-- Opening Marker --

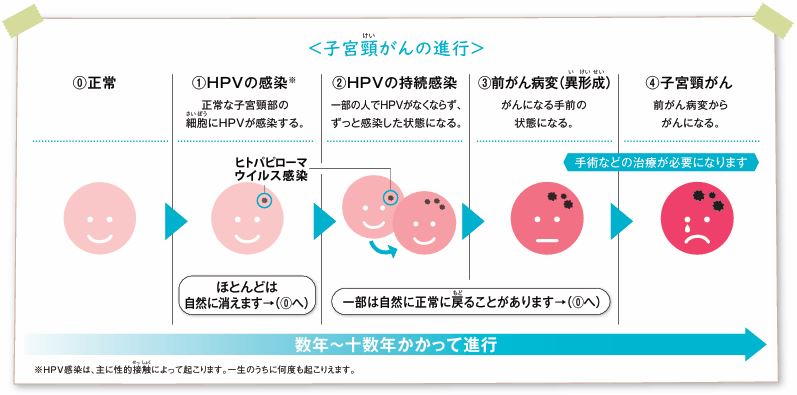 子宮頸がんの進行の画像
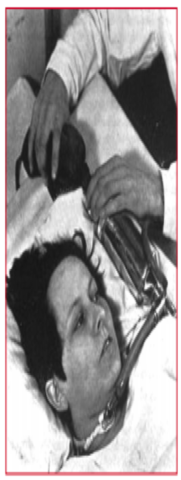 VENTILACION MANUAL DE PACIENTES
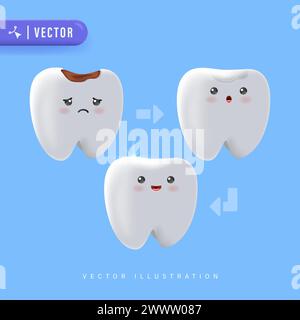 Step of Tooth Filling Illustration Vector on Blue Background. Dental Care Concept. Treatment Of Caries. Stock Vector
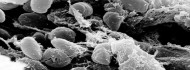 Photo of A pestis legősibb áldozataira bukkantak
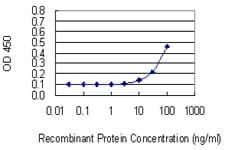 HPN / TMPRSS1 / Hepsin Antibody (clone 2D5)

-- Closing Marker --

§ **TASK OBJECTIVE**:
Take the line that holds "VENTILACION MANUAL DE PACIENTES" as the start and the last line of the data as the end. Copy only those lines exactly, both ends included, except the pictures.

§ **SOLUTION TO THIS PROBLEM**:
 VENTILACION MANUAL DE PACIENTES
 Step of Tooth Filling Illustration Vector on Blue Background. Dental Care Concept. Treatment Of Caries. Stock Vector
 Photo of A pestis legősibb áldozataira bukkantak
 HPN / TMPRSS1 / Hepsin Antibody (clone 2D5)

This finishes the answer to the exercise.